Avec Laurent Ferrier, qui a choisi l’Observatoire de Besançon – un certificat français ! – alors que la marque est intrinsèquement genevoise, les métrologues bisontins s’offrent un balcon sur la haute horlogerie suisse. Et ils ne comptent pas s’arrêter là... Indiscrétion Business Montres : toutes les complications de la nouvelle collection L. Leroy (présentées à Bâle et bientôt visibles en vitrine) devraient bénéficier du fameux poinçon à la tête de vipère. Quelques jeunes marques suisses sont également tentées de trouver à Besançon une certification plus authentiquement chronométrique que celles des poinçons suisses, même si l’immobilisation de la montre pendant quinze jours et le coût unitaire de cette certification (450 euros) peuvent s’avérer gênants.

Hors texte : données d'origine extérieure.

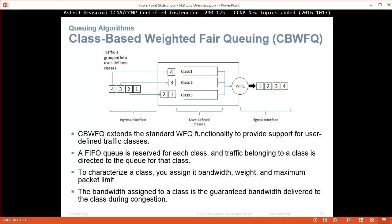Class-based weighted fair queuing extends the standard WFQ functionality to provide support for user-defined traffic classes. A FIFO queue is reserved for each class and traffic belonging to a class is directed to the queue for that class. To characterize a class you assign it bandwidth, weight, and maximum packet limit. The bandwidth assigned to a class is the guaranteed bandwidth delivered to the class during congestion. So here we create any classes, each class will become a first in first out queue. For example, the important traffic we put in class 1 and they will go out first, and then less important traffic class 2, and we are defining different classes for different types of traffic.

••• Il existe quelques projets à Besançon : le poinçon d’observatoire purement chronométrique pourrait évoluer, demain, vers un « Poinçon de Besançon » élargi (non géographique), qui validerait à la fois la bienfacture horlogère et la précision mécanique [un peu comme l’actuel « poinçon Patek Philippe », auto-certifié par la manufacture de Genève]. Une course est donc ouverte entre la « capitale française de l’horlogerie » et la « capitale suisse de l’horlogerie », où on sait qu’une réflexion est en cours à propos des mutations du COSC et du Poinçon de Genève, labels aujourd’hui en pleine mutation (Business Montres du 11 juin, info n° 1). Besançon est à présent un observatoire opérationnel, qui pourrait certifier jusqu'à 50 montres par mois, avec des certificats d'une immense valeur chronométrique doublés d'un parfum d'originalité marketing non négligeable...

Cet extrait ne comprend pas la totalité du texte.